Urban Tailwaters
Five of us headed to the Arkansas River, to the tailwaters below the dam on Lake Pueblo. Usually we head toward the Nature Center or Valco Ponds. This day, we went further downstream instead, more into the city of Pueblo. Fishing in an urban setting is a different experience than being in the Canyon, or wading at Deckers, or stalking brookies in a small stream.
Oh the people we met.
As we were getting ourselves ready, a Hispanic man pulled into the dirt parking lot in a dark red sedan and began to get ready. He said hello as he began to get his waders on and get his rod set up. In a few minutes, he was offering some recommendations. Obviously a local, hecertainly knew the river. If we were heading upstream, he said, pointing with his rod, fish at a hole just a little ways up. Another hole is by the rocks, further, just around the bend. He offered the suggestions freely, as if he were talking to a couple of long-time friends. We thanked him as we headed upstream where we fished for the next couple of hours.
Back at the car having lunch, an old Chevy blazer pulled in: grey, dark windows, hip hop pouring out of the open windows. Another older model SUV pulled in next to them. Both cars were packed teens and young adults in their early 20s. Evidently, they were there to party. One young man approached me as I sat in my car.
“You had any luck?” he asked, his baseball cap pulled down to eyebrow level.
”Caught two,” I said.
”I usually come down for night fishing. I work ‘til 7, come down at 9 and fish under that bridge until about 11. I’ve just been having this craving for trout…you know how that goes? But I haven’t had much luck since Christmas!”
I wondered why he was down there now, with his group of friends. They were there honoring a friend, 19, who had died in the last week. Had left a party, drunk, to go get a deck of playing cards. Took a corner over by Irving School, “you know where that’s at” he asked, pointing east. I shrugged. ”Not really.” ”Yeah, he took a corner down there. At about 90. Rolled it. Killed himself.” I wondered to myself if he saw the sad irony happening in that dirt parking lot. ”These are his friends. So we came down to honor him.”
Maybe his need to tell somebody was relieved. Maybe it was just time to go back to his friends at the grey Blazer. I told him to be careful today. He nodded. ”We will.” We shook hands.

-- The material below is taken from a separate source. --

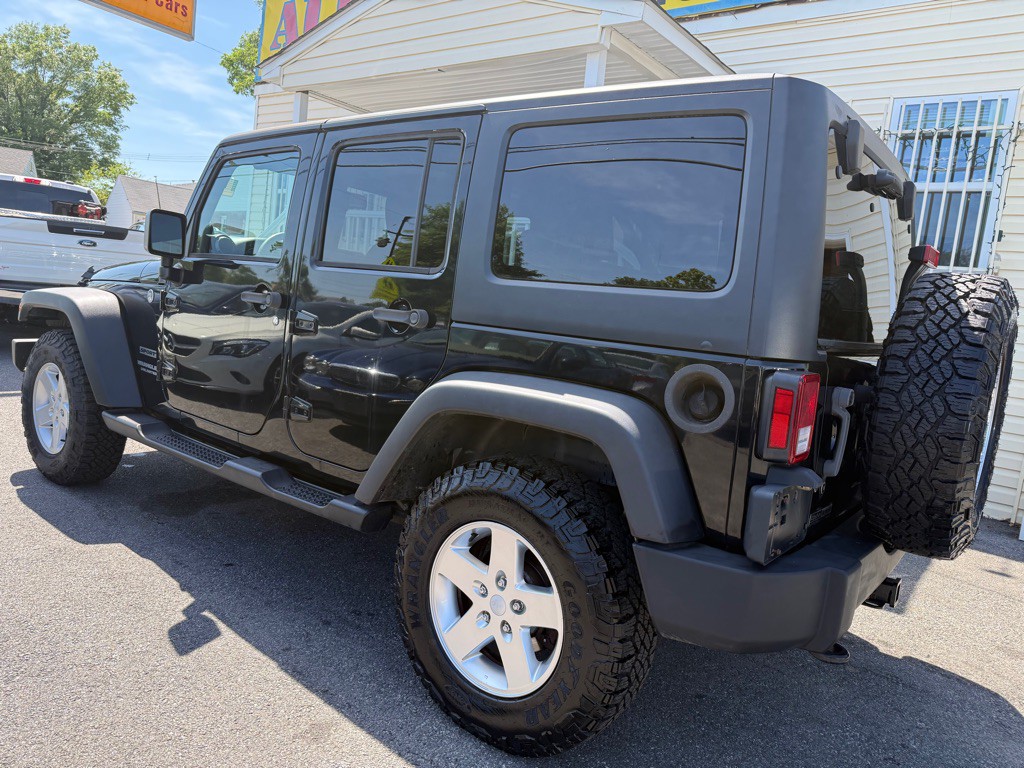 2013 Jeep Wrangler Unlimited Image 4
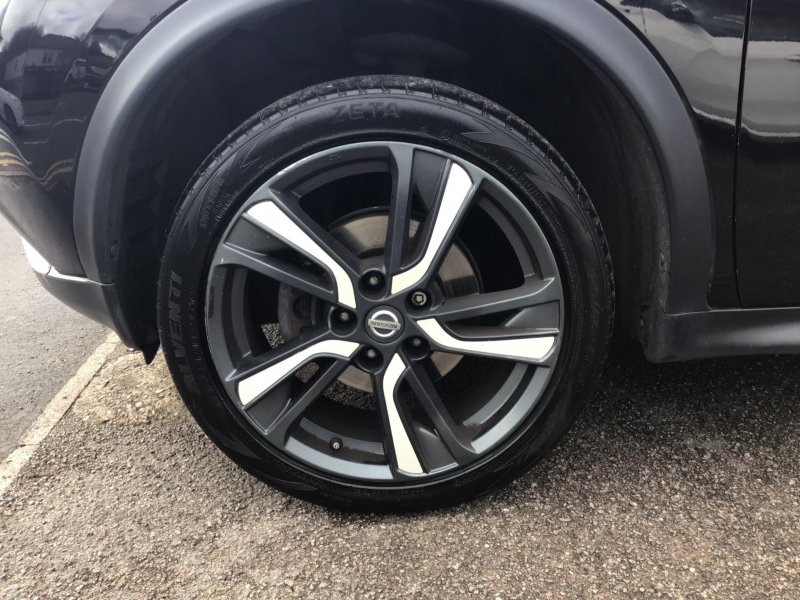 NISSAN JUKE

A few minutes later, my nephew and I were heading upstream again. An older married couple was behind us, out walking their two dogs. The man called out “where are you guys going to fish?” We told him we didn’t know, we’d just pick a spot. He was a local, too, having moved there from “the Midwest” five years prior. He told us of some holes and stretches, under the railroad bridge, or down by the culvert feeding the river, and then further up by the spillway. Conor asked what had brought them to Pueblo. ”That’s a good question,” the man said. His wife offered, “we visited some friends here and decided to move. Like anyplace, it has its pros and cons.” We turned off the path and headed down to the river with a “thanks for talking” and a return “good luck.”
I think of the mix here along the banks of the Arkansas. The friendliness of the locals sharing fishing information. A steady stream of folks walking and biking along the trails that parallel the river. An incredibly large group of teens — tattooed, stoned, drunk — sharing their loss, their pain. A married couple, retired, enjoying their walk along a river bank in a town which somehow became part of their destiny.
At the end of the day, the five of us stripped off our waders, each of us with our own story, each with our own path that somehow got us here today, our stories converging one again, here at the Tailwaters.